Babar Sex Club

Une rencontre impossible



Alors que Véronique et Alban vont en vacances à La Baule, un homme prêt à tout surgit et plonge le couple dans une expectitude dont ils n'avaient pas l'habitude.

C’est une voiture aux couleurs grisées, un 4x4 éculé, aux marques de boue encore neuves, qui laisse un goût de plastique japonais sur son passage. Alban est au volant, il est content du nouveau coffre de toit qu’il s’est offert à Noël, et de sa prestance de gaillard basque il change le CD de Pierre Bachelet qui tourne en boucle depuis Limoges. À ses côtés, Véronique dort d’un pas de loup, mais elle pense que ce 4x4 est inutile, qu’elle aurait préféré une Smart aux couleurs chatoyantes. Son avis est sûrement guidé par les goûts de Jean-François, son amant de lycée qui l’avait contactée 2 ans au Paravent, une boîte échangiste où il fleurait bon la Provence et les premiers amours.

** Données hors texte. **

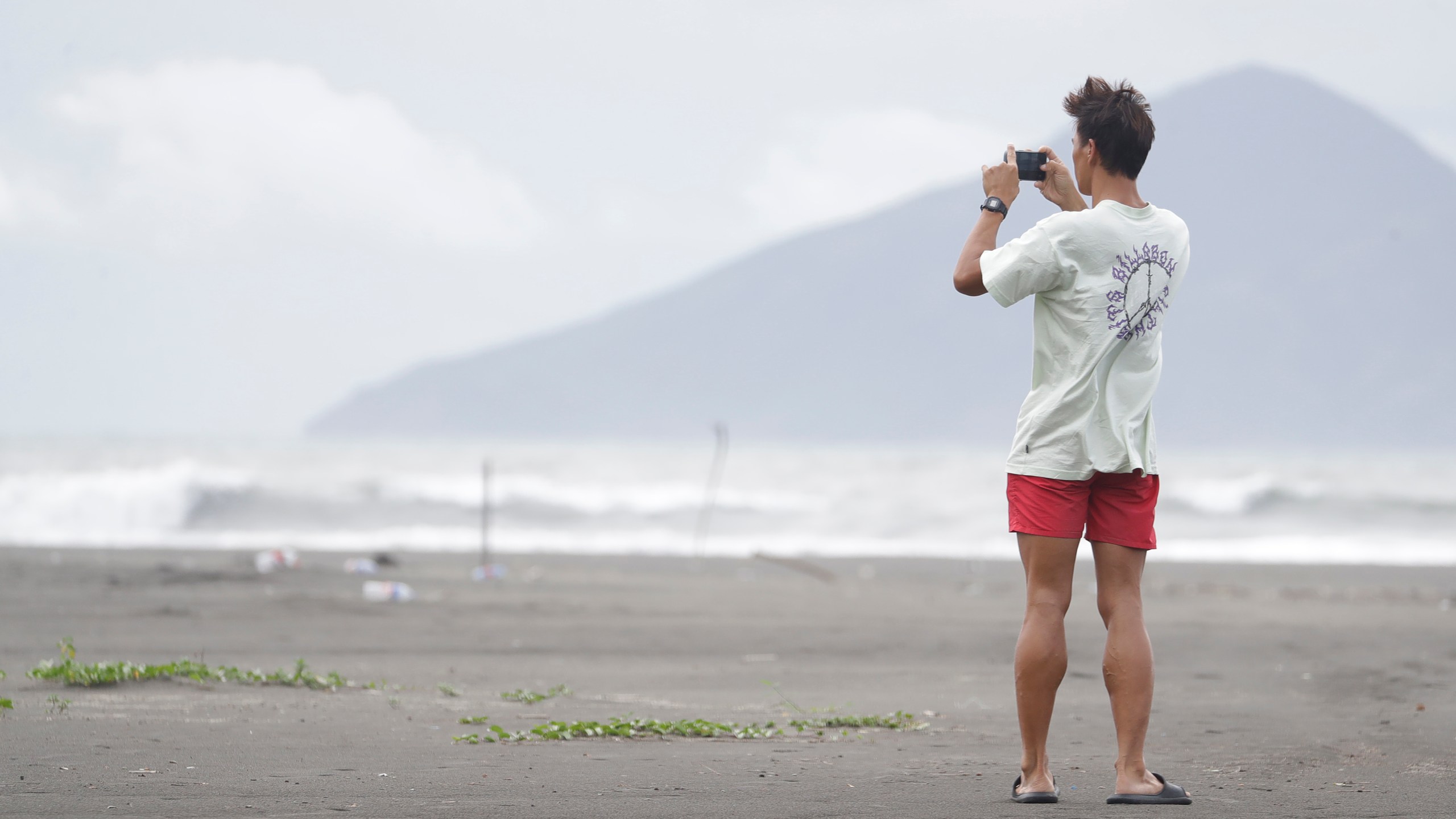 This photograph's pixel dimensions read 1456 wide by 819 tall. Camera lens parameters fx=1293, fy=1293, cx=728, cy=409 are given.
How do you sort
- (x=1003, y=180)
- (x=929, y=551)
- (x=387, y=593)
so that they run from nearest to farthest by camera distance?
(x=1003, y=180) → (x=387, y=593) → (x=929, y=551)

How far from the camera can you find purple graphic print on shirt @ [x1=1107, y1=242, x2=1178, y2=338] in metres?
3.24

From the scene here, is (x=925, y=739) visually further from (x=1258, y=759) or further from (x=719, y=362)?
(x=719, y=362)

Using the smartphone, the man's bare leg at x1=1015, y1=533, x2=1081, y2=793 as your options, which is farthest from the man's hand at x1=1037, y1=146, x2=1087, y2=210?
the man's bare leg at x1=1015, y1=533, x2=1081, y2=793

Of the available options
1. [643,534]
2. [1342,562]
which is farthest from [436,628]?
[643,534]

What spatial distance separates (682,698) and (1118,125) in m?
3.34

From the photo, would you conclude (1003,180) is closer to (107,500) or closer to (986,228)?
(986,228)

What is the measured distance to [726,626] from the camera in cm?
913

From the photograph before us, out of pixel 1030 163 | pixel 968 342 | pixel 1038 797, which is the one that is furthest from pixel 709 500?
pixel 968 342

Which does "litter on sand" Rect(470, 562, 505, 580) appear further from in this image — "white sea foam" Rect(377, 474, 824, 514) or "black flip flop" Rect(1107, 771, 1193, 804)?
"white sea foam" Rect(377, 474, 824, 514)

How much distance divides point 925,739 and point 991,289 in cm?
188

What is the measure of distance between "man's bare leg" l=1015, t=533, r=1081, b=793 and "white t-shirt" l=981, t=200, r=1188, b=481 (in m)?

À la hauteur de La Courneuve, Alban change le CD, il en marre d’écouter Sud Radio, il pense que les animateurs sont moins marrants que sur Radio Trafic. Véronique fait toujours semblant de dormir, tout est bon pour éviter les regards sentencieux, les remarques désobligeantes, et les crises de larmes qui forment le quotidien du couple depuis maintenant 20 ans. Alban parle tout seul: "Mais enfin si je te dis que c’est pas possible, c’est pas possible ça!". Silence. "Bon écoute, là je vais en vacances à La Baule, mon seul moment où je peux souffler dans l’année, tu peux comprendre non?" Silence. "Bon écoute Jean-François, on en reparle lundi au bureau OK? Allez bisoux doux". Véronique comprend trop tard qu'Alban a une oreillette astucieusement placée dans son oreille qui lui permet de discuter par le biais de son portable à un correspondant qui ne se trouve pas dans la voiture, grâce à une triangulation du signal qui passe par des satellites et rebondit ensuite dans le téléphone de son camarade, à l’autre bout du fil. Un va et vient électroniquement orchestré permet alors à tous les partis de se répondre, le tout sans passer par un fil physique.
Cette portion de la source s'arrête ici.